It seems to me that this is likely to be analytically wrong–or, at least, far from the optimal policy under any expections scenario:
The Outlook for the Economy–May 22, 2015: “Given this economic outlook and the attendant uncertainty…:
…how is monetary policy likely to evolve over the next few years? Because of the substantial lags in the effects of monetary policy on the economy, we must make policy in a forward-looking manner. Delaying action to tighten monetary policy until employment and inflation are already back to our objectives would risk overheating the economy. For this reason, if the economy continues to improve as I expect, I think it will be appropriate at some point this year to take the initial step to raise the federal funds rate target and begin the process of normalizing monetary policy. To support taking this step, however, I will need to see continued improvement in labor market conditions, and I will need to be reasonably confident that inflation will move back to 2 percent over the medium term.
After we begin raising the federal funds rate, I anticipate that the pace of normalization is likely to be gradual. The various headwinds that are still restraining the economy, as I said, will likely take some time to fully abate, and the pace of that improvement is highly uncertain. If conditions develop as my colleagues and I expect, then the FOMC’s objectives of maximum employment and price stability would best be achieved by proceeding cautiously, which I expect would mean that it will be several years before the federal funds rate would be back to its normal, longer-run level…
It is one of Herbert Simon’s principles that one should model the most striking features of a situation, take the model as your guide, solve for the optimal policy for your oversimplified model, and then hope that the optimal solution to the oversimplified model is a good solution to the real world policy problem.
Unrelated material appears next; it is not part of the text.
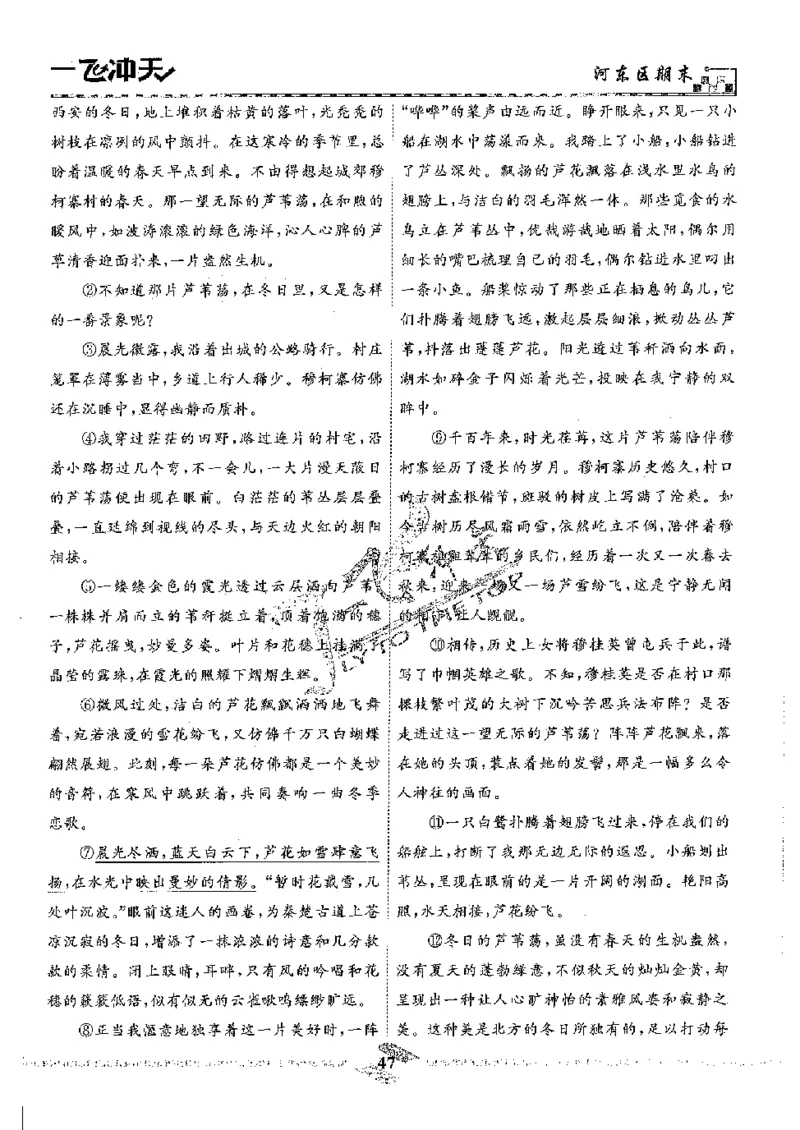 2025《一飞冲天-中考模拟试题汇编》语文_《一飞冲天-中考专项》2026版_一飞冲天-中考模拟试题汇编（2025版）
In the case of the Federal Reserve, the natural way to model it’s task is as an optimal control problem. In such a problem, the optimal path for your control–which is, in this case, the short-term safe nominal interest rate that the Federal Reserve sets–is one in which it is expected to drift up or down only slowly. And whenever new information arrives, the optimal policy is for the control path to jump until once again the control variable is at a level at which you expect it to drift one way or the other only slowly.
All this is true assuming that one can either lay raise or lower one’s control variable as one wishes.
If your control variable has a bound–like the zero lower bound on interest rates–the optimal control policy is different. The fact that you cannot lower your control variable below its bound adds an extra term to the math. This extra term makes it unpleasant to be even near the bound. So you should take steps to stay away from it–which means lowering your control variable closer to the bound as you get near it. And the nearer to it you are, the more you lower it below what it would be if there were no bound constraining it.
This bound principle has the implication that if do you wind up at the bound, you want to get off of it as soon as possible in a way that makes it highly unlikely you will wind back at it. Hence you stay at the bound until your optimal policy in the absence of the bound is well away, and then you move your control variable rapidly until it once again is expected to drift only slowly.
Thus Janet Yellen’s declaration today makes no sense: from an optimal control of you, you want to wait to raise interest rates until the economy is sufficiently strong that the appropriate interest rate raise is a substantial one.
The Federal Reserve knows the logic of this optimal control argument at least as well as I do. But so far I have not heard or seen anywhere a coherent explanation of why it does not or even might not apply right now.